Captioned web images:
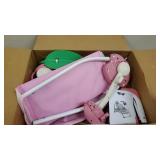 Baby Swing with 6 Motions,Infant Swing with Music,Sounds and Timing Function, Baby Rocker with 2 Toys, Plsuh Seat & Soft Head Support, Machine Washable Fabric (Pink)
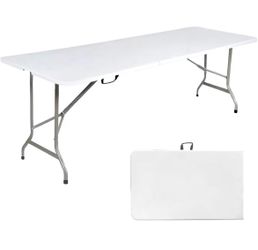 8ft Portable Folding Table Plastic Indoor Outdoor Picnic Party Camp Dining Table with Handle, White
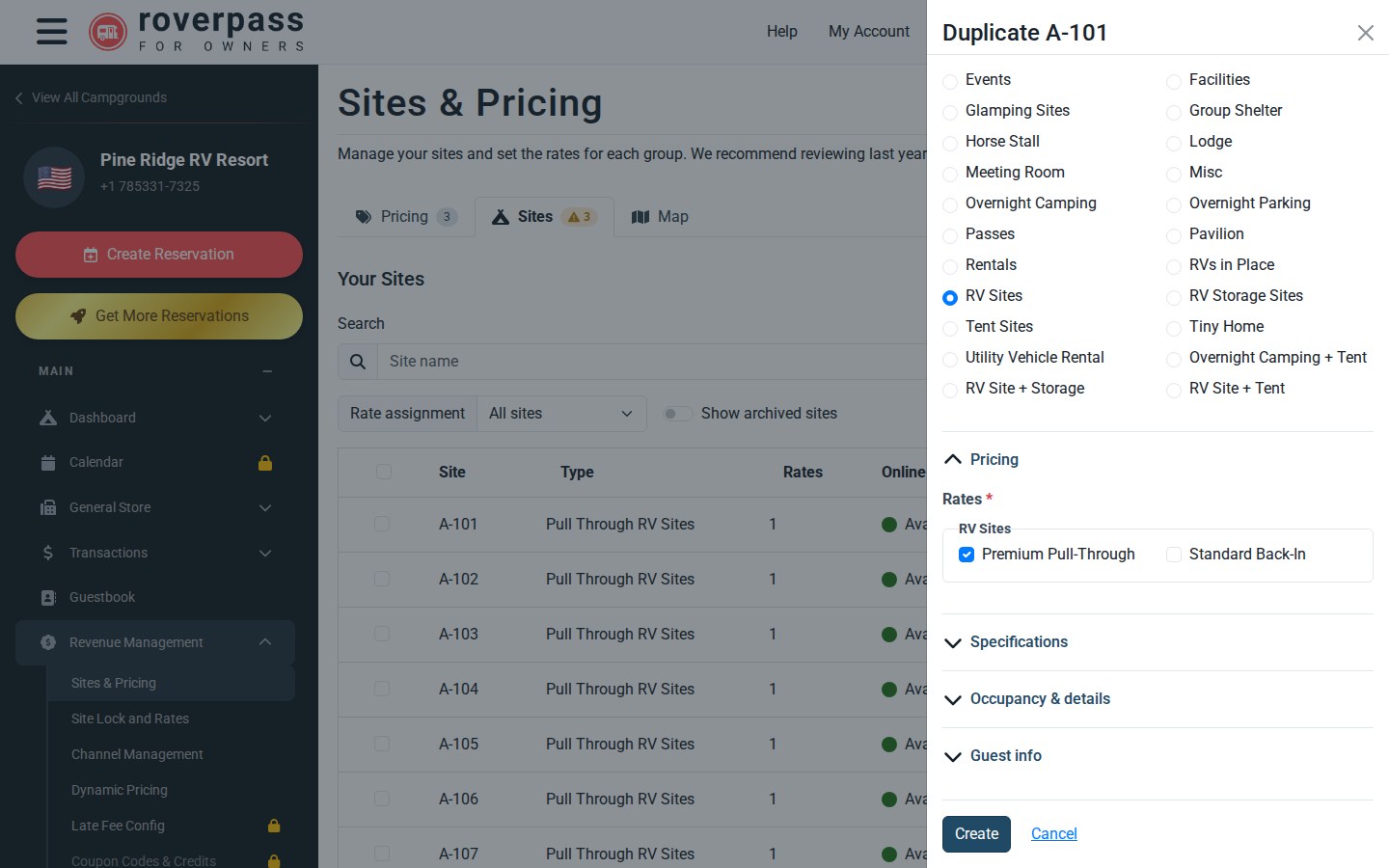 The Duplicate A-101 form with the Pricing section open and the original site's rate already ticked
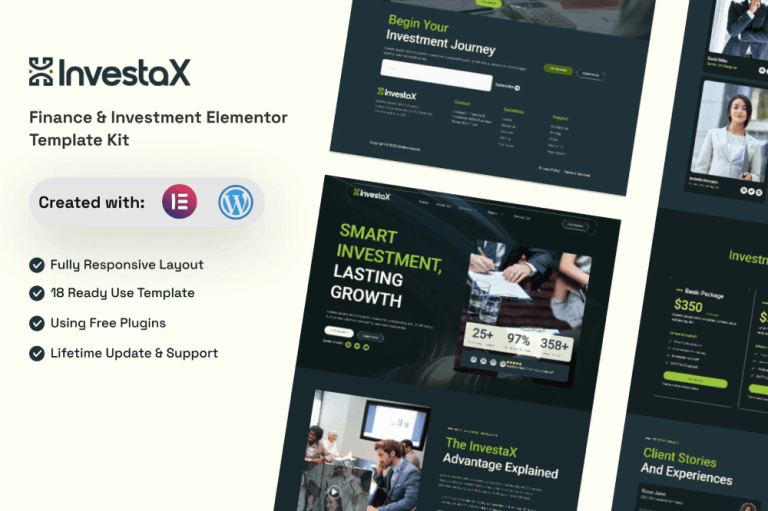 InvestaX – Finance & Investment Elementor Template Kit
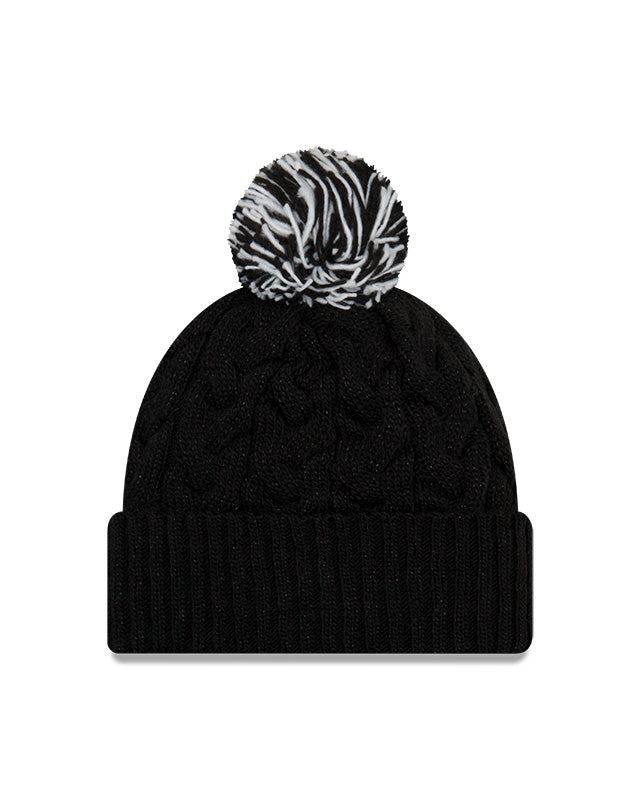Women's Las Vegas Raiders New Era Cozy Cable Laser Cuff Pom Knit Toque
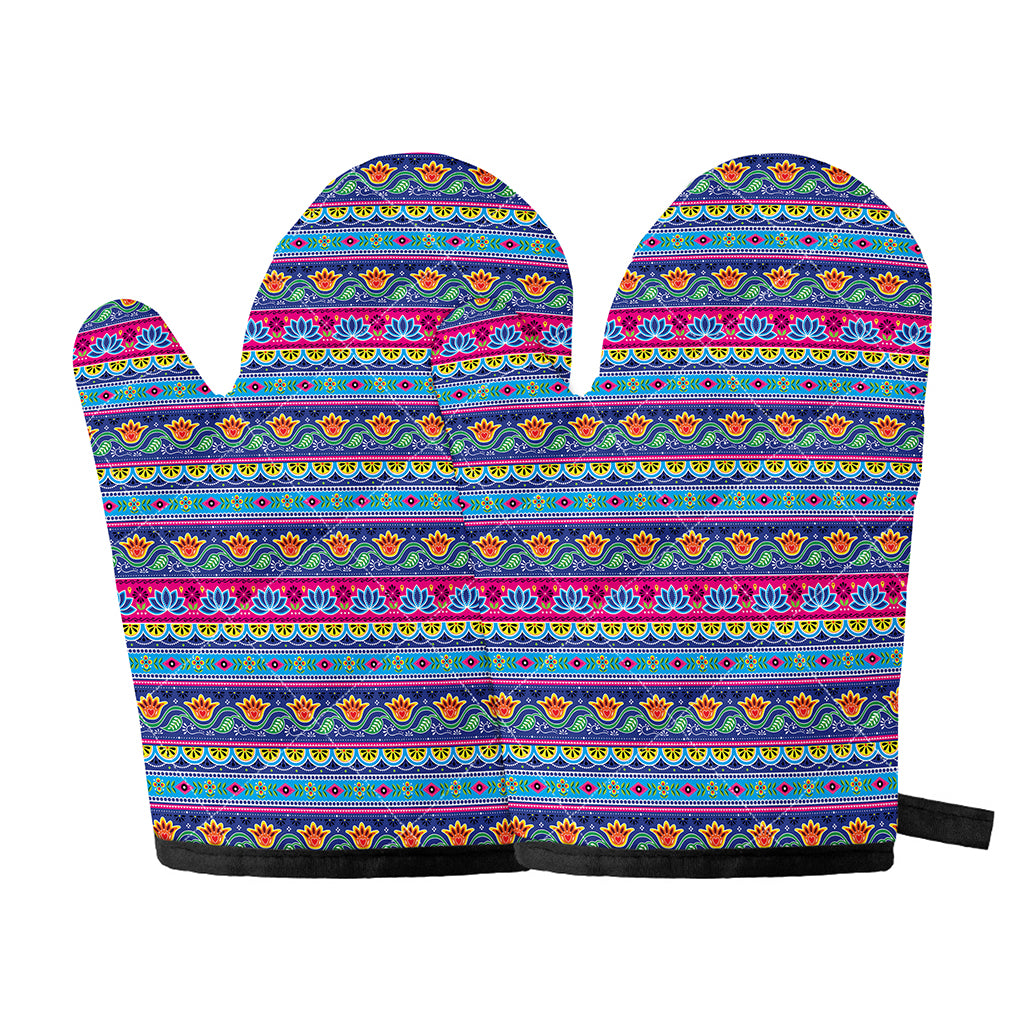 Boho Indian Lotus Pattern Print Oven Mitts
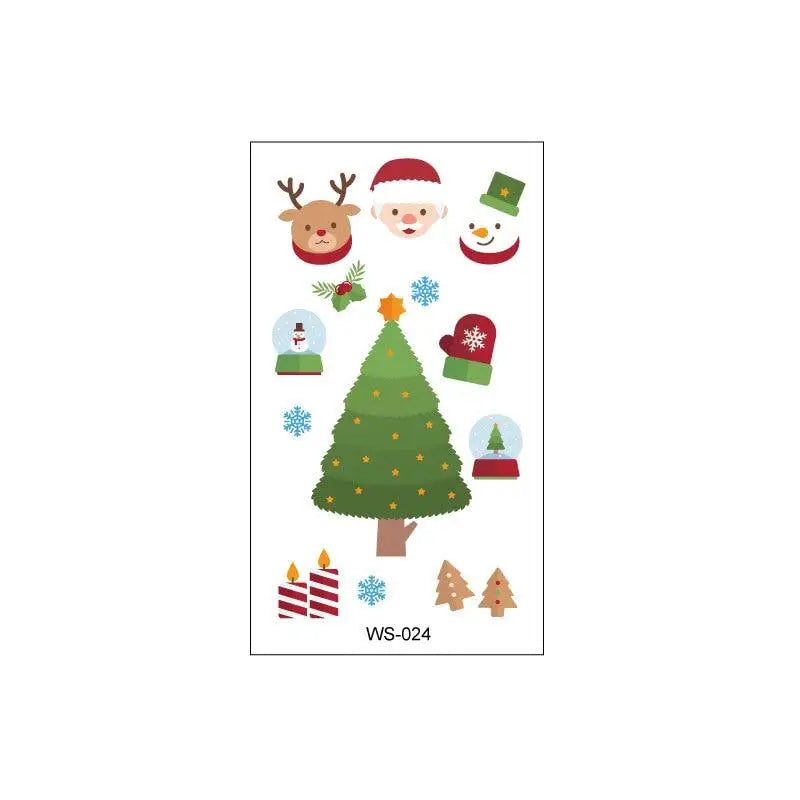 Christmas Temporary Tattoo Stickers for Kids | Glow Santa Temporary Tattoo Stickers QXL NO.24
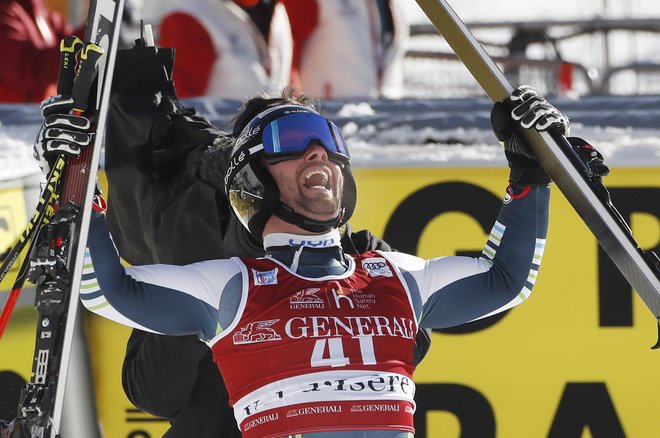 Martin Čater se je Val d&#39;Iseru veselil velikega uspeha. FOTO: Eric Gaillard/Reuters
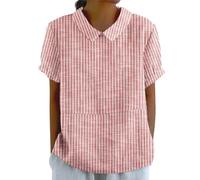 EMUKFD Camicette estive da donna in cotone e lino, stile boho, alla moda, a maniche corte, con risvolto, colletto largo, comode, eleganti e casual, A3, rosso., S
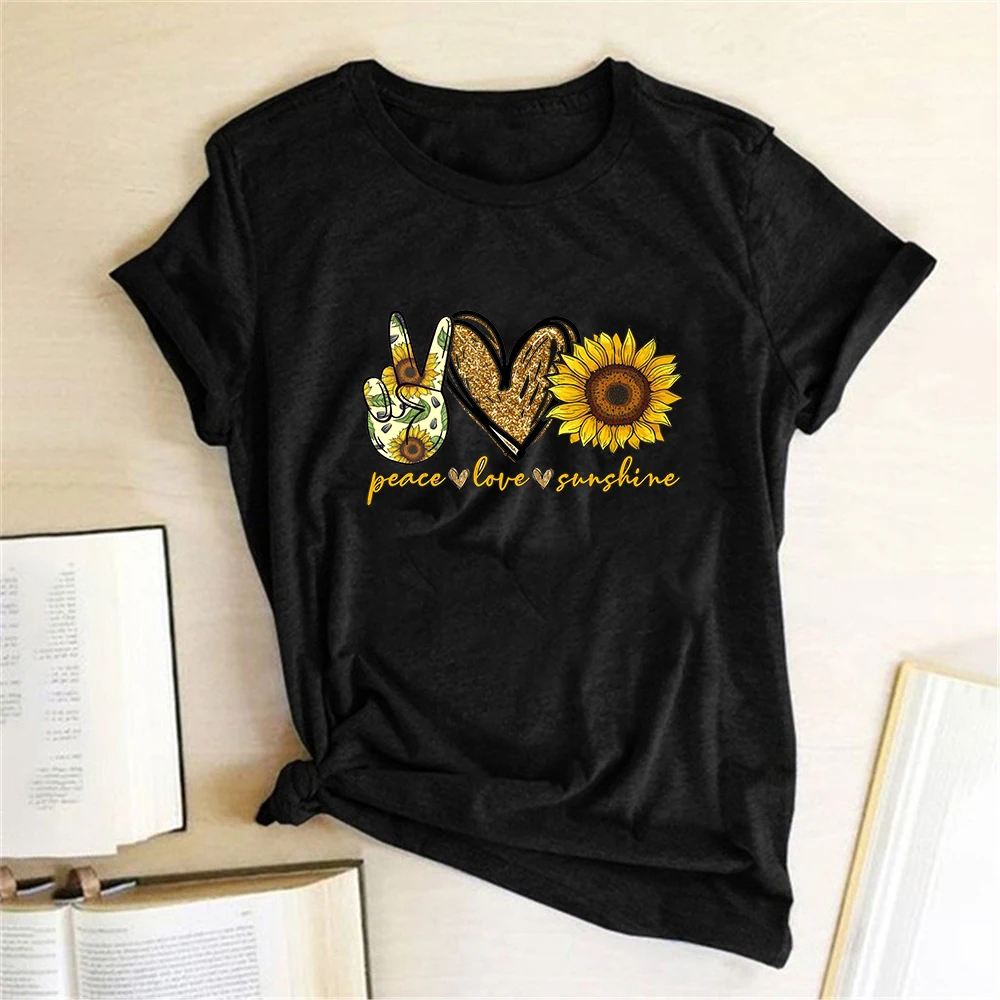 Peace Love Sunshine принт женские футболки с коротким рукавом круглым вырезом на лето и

### Requirement:
Please copy out from the data above, without any picture, exactly the lines running from the one that holds "Boho Indian Lotus Pattern Print Oven Mitts" through the one that holds "Martin Čater se", and nothing beyond them.

### Written reply:
 Boho Indian Lotus Pattern Print Oven Mitts
 Christmas Temporary Tattoo Stickers for Kids | Glow Santa Temporary Tattoo Stickers QXL NO.24
 Martin Čater se je Val d&#39;Iseru veselil velikega uspeha. FOTO: Eric Gaillard/Reuters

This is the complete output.